Il posto scomparso
La pelota dei baschi di Brera Artisti, curiosi e scommesse nella Montecarlo dei poveri
In una stanza della pensione Solferino, nel cuore di Brera, alla metà degli anni Cinquanta abitavano lo scrittore Luciano Bianciardi e il fotografo Carlo Bavagnoli. Accanto i fotografi Mario Dondero e Ugo Mulas. E, nella stessa pensione, alcuni giocatori di pelota. Se per Bianciardi e amici quell’affittacamere era comodo, perché vicinissimo al loro luogo di ritrovo — il bar Giamaica —, per gli atleti baschi era in una posizione altrettanto fortunata, a pochi passi dal posto di lavoro, lo sferisterio di via Palermo 10, dove si praticava la jai alai (in basco «festa allegra»), una specialità della pelota nella quale si utilizza come «racchetta» una cesta di vimini a punta chiamata chistera.
Inaugurato nel 1947, in sostituzione del vecchio sferisterio ospitato dal Kursaal Diana di viale Piave (attivo dal 1907), nel 1976 il campo da gioco di via Palermo viene rilevato dall’imprenditore Salvatore Laino, che lo rilancia al punto da farlo diventare uno dei maggiori riferimenti internazionali per la pelota (in Italia sarà l’ultimo a chiudere). Laino, aiutato dall’amico Sabino Elizburu, riesce a portare a Milano alcuni dei più forti giocatori baschi dell’epoca. Campioni in grado di scagliare con la chistera una palla di caucciù contro la parete anche a 300 chilometri l’ora, in un campo lungo 55 metri e largo 10. Dopo il rimbalzo, la palla deve essere raccolta al volo dall’avversario che la rilancia, e così via, finché sfugge a uno dei contendenti, che non riesce a prenderla al volo.
«Mi piace il giro armonioso del braccio che fionda la palla, e poi quello schiocco, la fucilata che segue», scriveva nel 1987 sul «Corriere» Carlo Castellaneta, affascinato da questo sport che ha assunto le forme attuali nell’Ottocento, ma che ha come antenati i giochi con la palla delle antiche civiltà mesoamericane.
«La decisione dell’arbitro è inappellabile»: la scritta campeggiava sul muro dello sferisterio milanese, monito fondamentale per un gioco sul quale si scommette. Non si vincevano grandi cifre, ma il gusto della puntata richiamava un pubblico composito, dagli appassionati dell’azzardo, pronti a insinuare sospetti di combine, agli stessi artisti e scrittori del Giamaica, a semplici curiosi. Un’umanità variegata — nei momenti d’oro fino a mille persone a sera — che si muoveva tra le mura scalcinate, la rete a bordo campo un po’ strappata e il baretto decadente.

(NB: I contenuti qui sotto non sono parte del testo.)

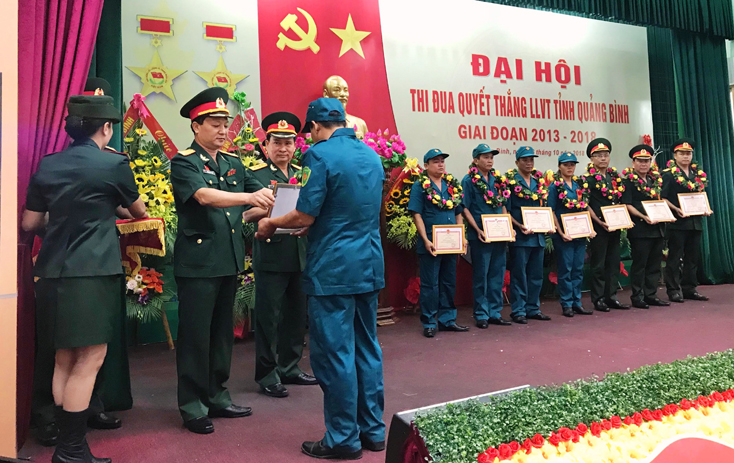 Lãnh đạo Bộ Chỉ huy Quân sự tỉnh tặng giấy khen cho các tập thể và cá nhân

Ancora Castellaneta: «Una Monte Carlo dei poveri, dove c’è odore di cattivo tabacco, l’aria di un cinema di periferia nel quale però si svolge uno spettacolo di forza e destrezza».
Nello sferisterio di via Palermo si era avvolti da un’atmosfera unica, che trasportava in un luogo imprecisato del mondo, e allo stesso tempo nel profondo di Milano, nel brivido della velocità, del coraggio, del rischio.

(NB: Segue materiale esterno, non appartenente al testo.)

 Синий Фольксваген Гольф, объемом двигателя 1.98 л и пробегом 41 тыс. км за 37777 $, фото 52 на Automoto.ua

Oggi la pelota non c’è più. Negli anni Novanta non ha retto la concorrenza della modernità, delle partite in tv, dei gratta e vinci, dall’aperitivo che allunga le dita nella serata. Il 31 maggio 1997, dopo 50 anni, lo sferisterio chiude. Alcuni giocatori si fermano a Milano e aprono la Taberna Vasca sui Navigli. Lo spazio sta per essere trasformato in un garage. Ma, per fortuna, lo sferisterio non viene sventrato per lasciare il posto alle macchine, il suo destino resta sospeso fino al 2001, quando diventa uno spazio polifunzionale per eventi, che mantiene la struttura originale, con allestimenti di pregio: la Milano del futuro. Chiudendo gli occhi, però, in via Palermo forse si può ancora sentire quello schiocco della palla sul muro che emerge dal passato.